Anthony Inglis (1813–1884) was a Scottish journeyman blacksmith, engineer and shipbuilder who set up and managed the well known shipyard A. & J. Inglis in Pointhouse Glasgow together with his brother John Inglis.

== Career ==

In 1837 he founded a company to provide smithwork especially to shipbuilders, from premises in Anderston. In 1847 his younger brother, John Inglis (1819–1888), joined him, who had learned the craft of marine engineering and whose practicable skills added another dimension to the company. Together they founded the company A. & J. Inglis in 1847.

They moved to larger premises in Warroch Street, Anderston, where they began to focus on marine work. In 1850 they obtained their first major marine contract, to supply the machinery for the tug ‘Clyde’. From then onwards the company grew in strength and rapidly earned a reputation for ability and at least equality to much larger and longer established firms. In 1855, the Inglis brothers provided the machinery of the large screw steamer Tasmanian, one of the largest and fastest vessels built up until that date. The success of the ‘Tasmanian’ caught the attention of William Mac Kinnon who established the British India Steam Navigation Company and the Imperial British East Africa Company. From that moment the name Inglis became synonymous with fine design and engineering. Success followed success and before long the Warroch Street premises had to be extended to cope with the increased scope of work and award of contracts.

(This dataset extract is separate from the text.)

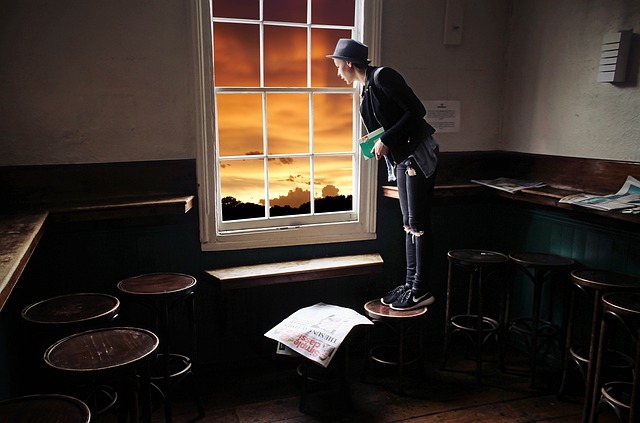 The Connection Between Dark Stools and Digestive Enzymes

In 1862, the Inglis brothers decided to add shipbuilding to their engineering repertoire and for this purpose acquired an area of land in Glasgow at the confluence of the River Kelvin with the River Clyde, on which the Pointhouse Yard had existed since 1845 under ownership of Thomas B. Seath. The site was limited in size but it became an extremely important and credible shipyard run by the Inglis family to exceptionally high standards. From this Yard there came many classic designs and creations of maritime beauty and success, along with the normal workmanlike dredgers, tugs, coasters, barges, tankers and whalers. After the death of Anthony Inglis in 1884 his son John Inglis took over the management of the family firm.